Data for processing
+++++
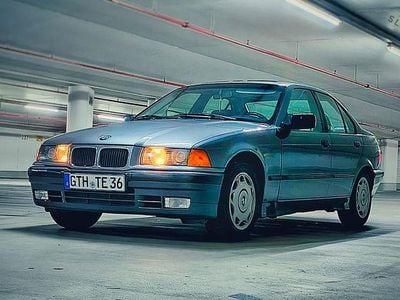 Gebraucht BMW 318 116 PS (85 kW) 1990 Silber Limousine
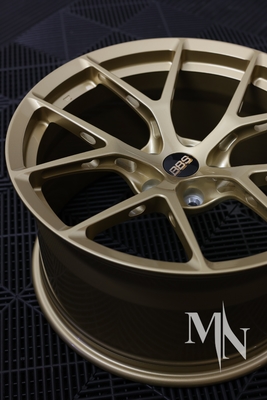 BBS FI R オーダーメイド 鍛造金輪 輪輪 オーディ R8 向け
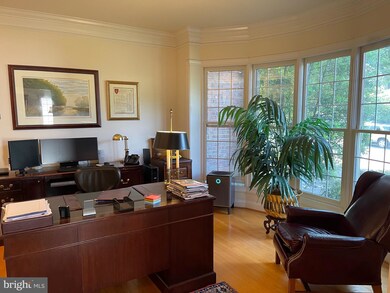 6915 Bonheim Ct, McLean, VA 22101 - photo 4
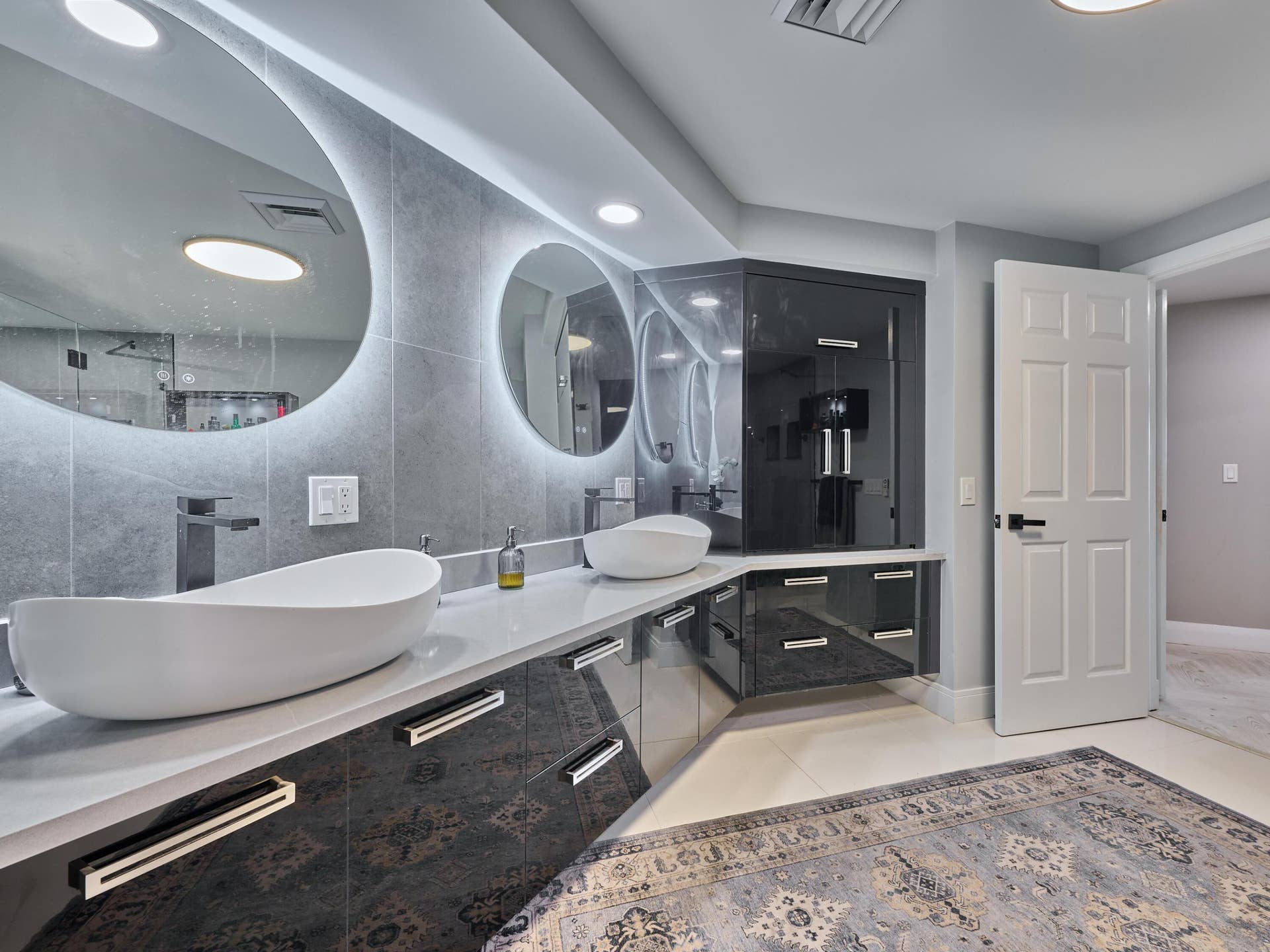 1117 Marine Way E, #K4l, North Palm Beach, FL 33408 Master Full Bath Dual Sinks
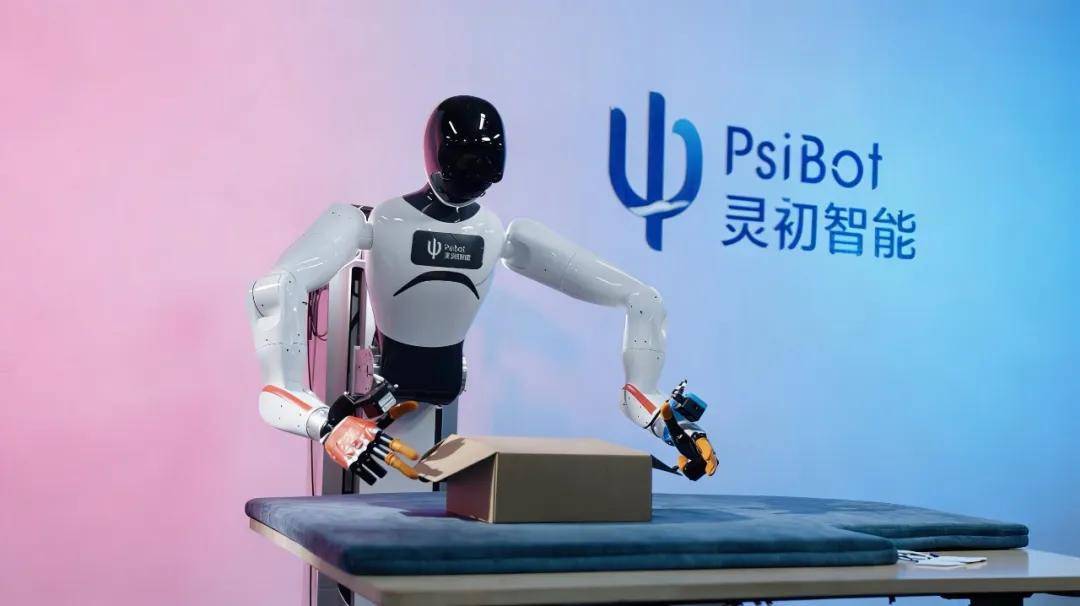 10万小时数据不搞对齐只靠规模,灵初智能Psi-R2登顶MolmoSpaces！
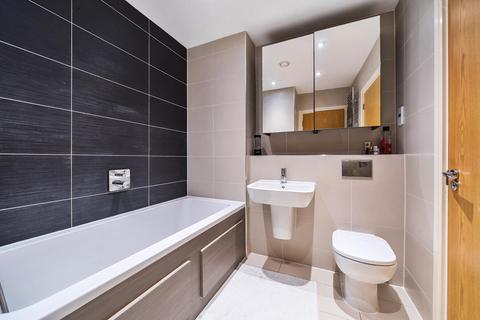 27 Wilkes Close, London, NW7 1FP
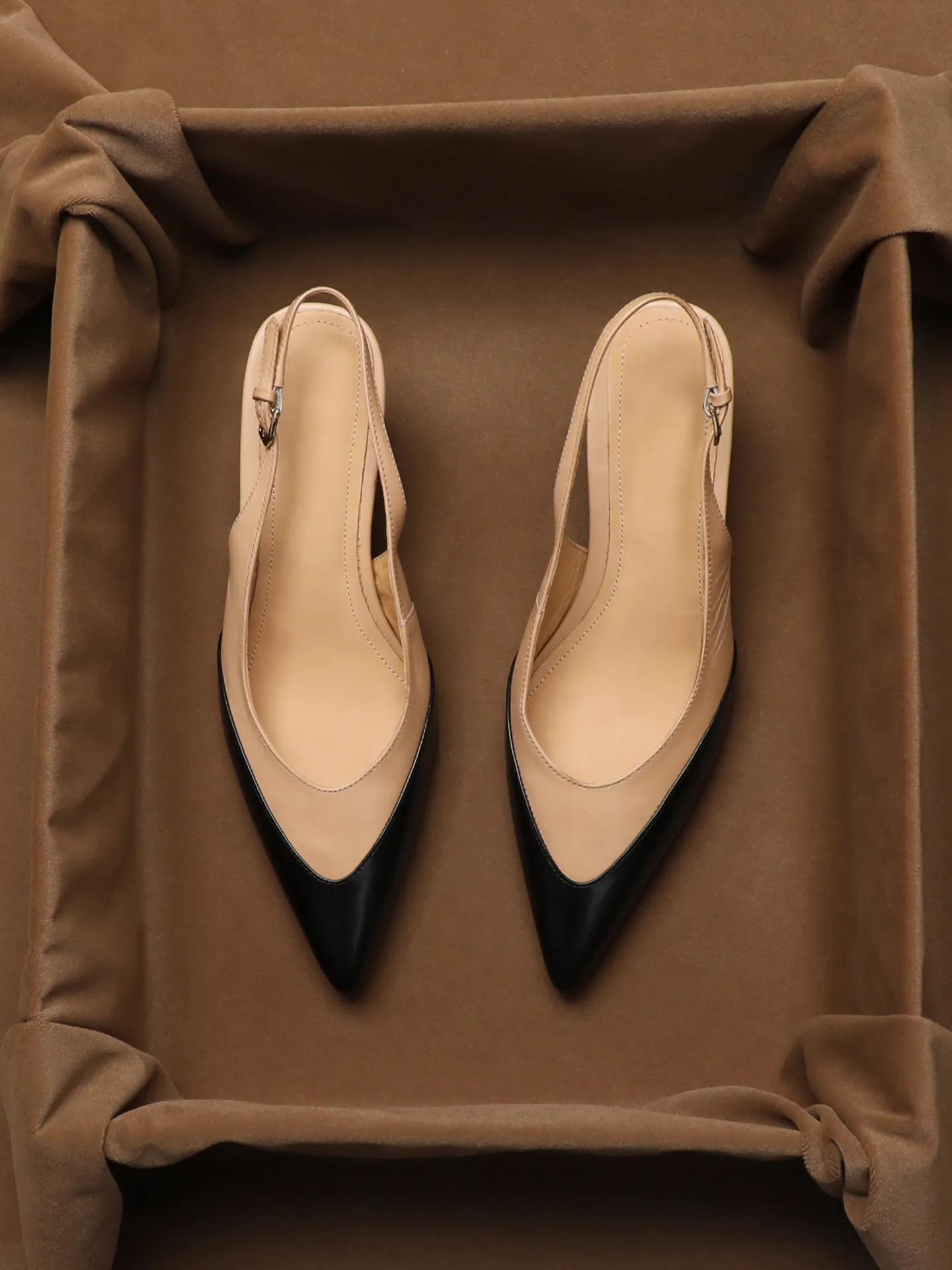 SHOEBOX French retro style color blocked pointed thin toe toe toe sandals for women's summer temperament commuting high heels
+++++
Problem
Pictures appear in the records above. Output everything except them, exactly.

Answer to this exercise
 Gebraucht BMW 318 116 PS (85 kW) 1990 Silber Limousine
 BBS FI R オーダーメイド 鍛造金輪 輪輪 オーディ R8 向け
 6915 Bonheim Ct, McLean, VA 22101 - photo 4
 1117 Marine Way E, #K4l, North Palm Beach, FL 33408 Master Full Bath Dual Sinks
 10万小时数据不搞对齐只靠规模,灵初智能Psi-R2登顶MolmoSpaces！
 27 Wilkes Close, London, NW7 1FP
 SHOEBOX French retro style color blocked pointed thin toe toe toe sandals for women's summer temperament commuting high heels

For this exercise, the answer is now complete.